Growth vs. Discount Rate relationship

Hello,

I was reading in the text that the growth rate and discount rate on cash flow are inversely proportional to each other.

However, if you think about it if the growth is higher on cash flows related to a stock, wouldn’t if have to be discounted by a higher rate if we were to keep the price of the stock constant?

My guess is that I do not understand this relationship intuitively.

Thanks,

In which book, chapter, and page did you see that?

Just looking at the gordon growth perpetuity model, you can see the “r-g” in the denominator of the equation. This “r-g” relationship implies that discount and growth would be invserely related to each other.

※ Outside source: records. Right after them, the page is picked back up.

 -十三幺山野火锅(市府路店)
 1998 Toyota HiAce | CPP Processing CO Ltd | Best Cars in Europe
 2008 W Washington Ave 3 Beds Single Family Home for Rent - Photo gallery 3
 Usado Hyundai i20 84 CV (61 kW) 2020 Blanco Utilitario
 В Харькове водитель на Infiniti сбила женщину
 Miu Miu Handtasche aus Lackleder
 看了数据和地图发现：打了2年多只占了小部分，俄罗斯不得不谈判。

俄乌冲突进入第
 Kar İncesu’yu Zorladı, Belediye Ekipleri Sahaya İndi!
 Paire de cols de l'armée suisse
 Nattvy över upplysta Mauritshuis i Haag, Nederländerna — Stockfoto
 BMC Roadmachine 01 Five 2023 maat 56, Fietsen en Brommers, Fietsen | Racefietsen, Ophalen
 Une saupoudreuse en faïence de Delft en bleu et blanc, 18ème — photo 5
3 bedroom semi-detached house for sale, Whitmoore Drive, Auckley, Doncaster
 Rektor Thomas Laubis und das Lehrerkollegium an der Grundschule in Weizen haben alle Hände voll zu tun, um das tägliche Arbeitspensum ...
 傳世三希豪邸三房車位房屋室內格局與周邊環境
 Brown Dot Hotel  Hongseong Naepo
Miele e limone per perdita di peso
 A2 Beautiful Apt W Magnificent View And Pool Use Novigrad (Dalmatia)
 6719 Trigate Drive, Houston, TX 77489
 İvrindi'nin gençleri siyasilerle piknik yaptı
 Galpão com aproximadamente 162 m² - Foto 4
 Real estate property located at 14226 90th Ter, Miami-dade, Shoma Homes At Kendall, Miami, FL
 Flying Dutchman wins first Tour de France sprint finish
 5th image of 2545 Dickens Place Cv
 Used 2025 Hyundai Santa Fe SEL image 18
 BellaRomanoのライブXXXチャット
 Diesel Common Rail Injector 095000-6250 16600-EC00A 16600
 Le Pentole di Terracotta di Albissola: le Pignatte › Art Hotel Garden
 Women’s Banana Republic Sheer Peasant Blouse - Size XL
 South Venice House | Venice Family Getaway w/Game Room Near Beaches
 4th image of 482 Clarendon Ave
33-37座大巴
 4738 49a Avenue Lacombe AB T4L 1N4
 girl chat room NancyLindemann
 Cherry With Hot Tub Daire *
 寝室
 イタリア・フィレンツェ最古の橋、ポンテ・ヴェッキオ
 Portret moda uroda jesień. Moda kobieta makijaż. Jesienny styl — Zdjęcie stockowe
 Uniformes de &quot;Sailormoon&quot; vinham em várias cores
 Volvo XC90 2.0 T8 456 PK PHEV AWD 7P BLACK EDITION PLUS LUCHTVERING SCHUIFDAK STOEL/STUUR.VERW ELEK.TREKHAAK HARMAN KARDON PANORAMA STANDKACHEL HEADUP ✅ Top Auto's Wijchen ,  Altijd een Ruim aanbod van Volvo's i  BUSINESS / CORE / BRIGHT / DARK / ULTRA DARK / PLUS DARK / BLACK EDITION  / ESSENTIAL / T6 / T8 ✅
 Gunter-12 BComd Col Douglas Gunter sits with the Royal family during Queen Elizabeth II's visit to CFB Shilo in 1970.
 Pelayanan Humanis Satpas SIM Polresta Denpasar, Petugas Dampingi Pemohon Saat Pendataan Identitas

Not sure if its worth chasing this down for the exam though.

Thanks,

Have you read this conclusion from the book itself or is yours? I ask because r-g in the Gordon formula does not imply the discount rate and the growth rate are inversely related. In fact, you need first to clear “g” and “r” correctly and then conclude. If you derive properly the Gordon growth model formula:

P = D0 x (1+r) / (r - g)

You will arrive at:

g = [r x (P - D0) - D0] / P

As you see, “g” and “r” are directly related (positively related). So the question in your original post was right:

For life of course it matters! For the exam it is not that important tho, but this thinking is good for understanding the formula. Many people nowadays apply formulas, use complicated software, etc but are completely unaware of how those things work and what exactly do. They don’t even know how to interpret those formulas and software results properly !!